Peter Lee

Personal information
- Full name: Peter Granville Lee
- Born: 27 August 1945 Arthingworth, Northamptonshire, England
- Died: 28 January 2026 (aged 80)
- Batting: Right-handed
- Bowling: Right-arm fast-medium

Career statistics
| Competition | First-class | List A |
| Matches | 202 | 190 |
| Runs scored | 779 | 149 |
| Batting average | 8.11 | 6.77 |
| 100s/50s | 0/0 | 0/0 |
| Top score | 26 | 27* |
| Balls bowled | 33,369 | 8,743 |
| Wickets | 599 | 230 |
| Bowling average | 25.60 | 22.53 |
| 5 wickets in innings | 29 | 0 |
| 10 wickets in match | 7 | 0 |
| Best bowling | 8/34 | 4/7 |
| Catches/stumpings | 29/– | 25/– |
- Source: CricketArchive, 11 October 2024

= Peter Lee (cricketer) =

English cricketer (1945–2026)

Peter Granville Lee (27 August 1945 – 28 January 2026), known as "Leapy", was an English cricketer who played for Northamptonshire and Lancashire County Cricket Clubs. He was a right-arm fast-medium bowler who moved the ball off the seam and became among the most effective bowlers in English county cricket during the 1970s. Presumably because his batting was impotent as shown by his highest first-class score in more than 200 matches being 26, Lee appeared never to have been considered seriously for Test cricket. He toured South Africa twice with teams organised by Derrick Robins. He was born at Arthingworth, Northamptonshire.
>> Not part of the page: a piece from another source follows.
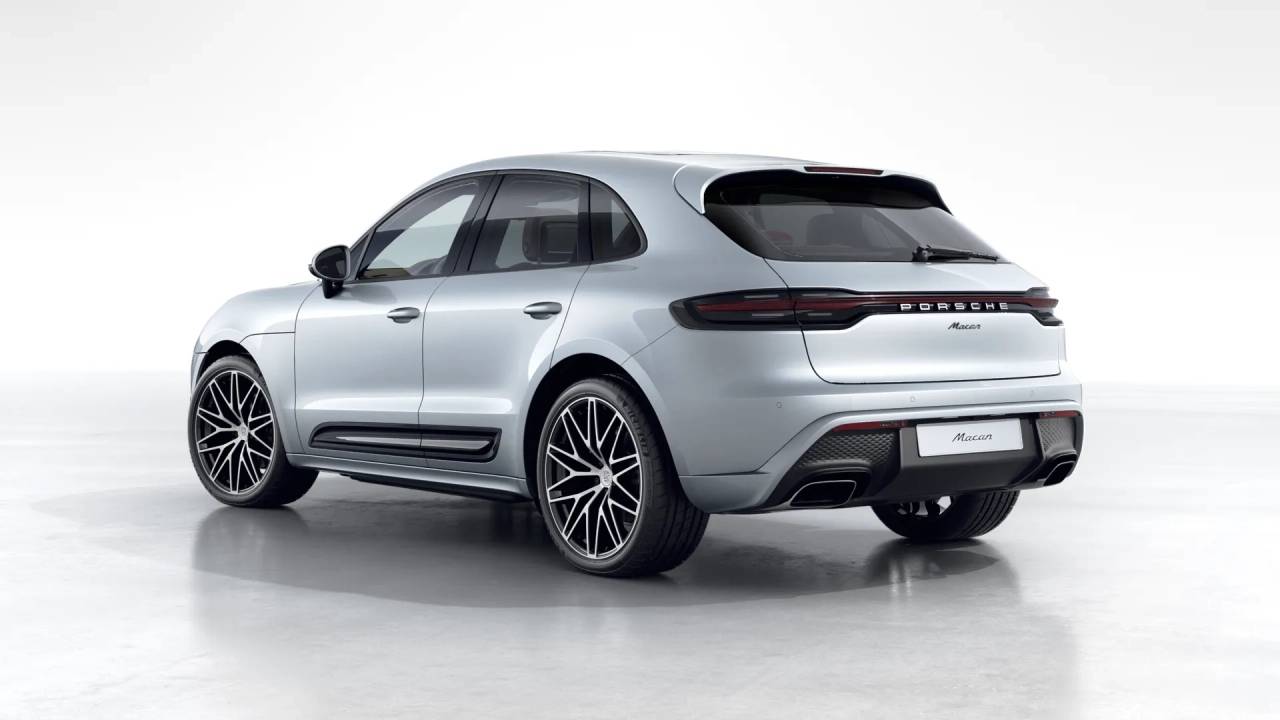 2026 Porsche Macan T photo 3
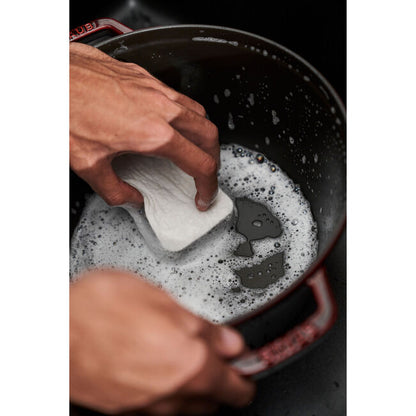 Staub Round Dutch Oven: 7 QT, Grenadine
Lee played for five seasons from 1967 for Northamptonshire without ever becoming a regular in the side. He moved to Lancashire in 1972 largely as insurance for the likelihood that regular opening bowlers Peter Lever and Ken Shuttleworth would be called up for Test cricket by England, but with those bowlers doing badly, Lee became their first choice opening bowler. 1973 saw Lee surpass his first season's promise and become the mainstay of Lancashire's bowling, actually taking more wickets in the County Championship than any other bowler.

In 1974 Lee was consistently handicapped by injuries and illness: he played about half his county's matches but was at no point fully fit. Nevertheless, he returned for a full season and even greater success in 1975. His 112 first-class wickets was the highest by any bowler that season: indeed the highest by any England-qualified bowler during the 1970s. He was named as a Wisden Cricketer of the Year in the 1976 edition of the almanack.
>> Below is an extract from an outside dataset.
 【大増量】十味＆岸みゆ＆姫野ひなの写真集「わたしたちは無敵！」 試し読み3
Having reached the top of the tree as a bowler, Lee remained one of the most persistent and hard-working county bowlers during 1976 and 1977, though he took only two-thirds as many wickets as he did in 1975. However, 1978 saw Lee play only one match due to a serious shoulder injury, which led to a delayed operation after weeks of examination. Lee made a "gallant" return to fitness in 1979 but completely lost form, finishing with 22 wickets for 40 runs apiece that season. Indeed, apart from a career-best eight for 34 against Oxford University in 1980, Lee never again did much worthy of his former reputation, and at the end of 1982 he was released by Lancashire. After that, he played for Durham in the Minor Counties Championship during the 1983 season, but took only 16 wickets for 29.56 apiece and was released.

In 2024, Lee was inducted into the Lancashire Cricket Hall of Fame. His death was announced by Lancashire on 29 January 2026. Lee was 80.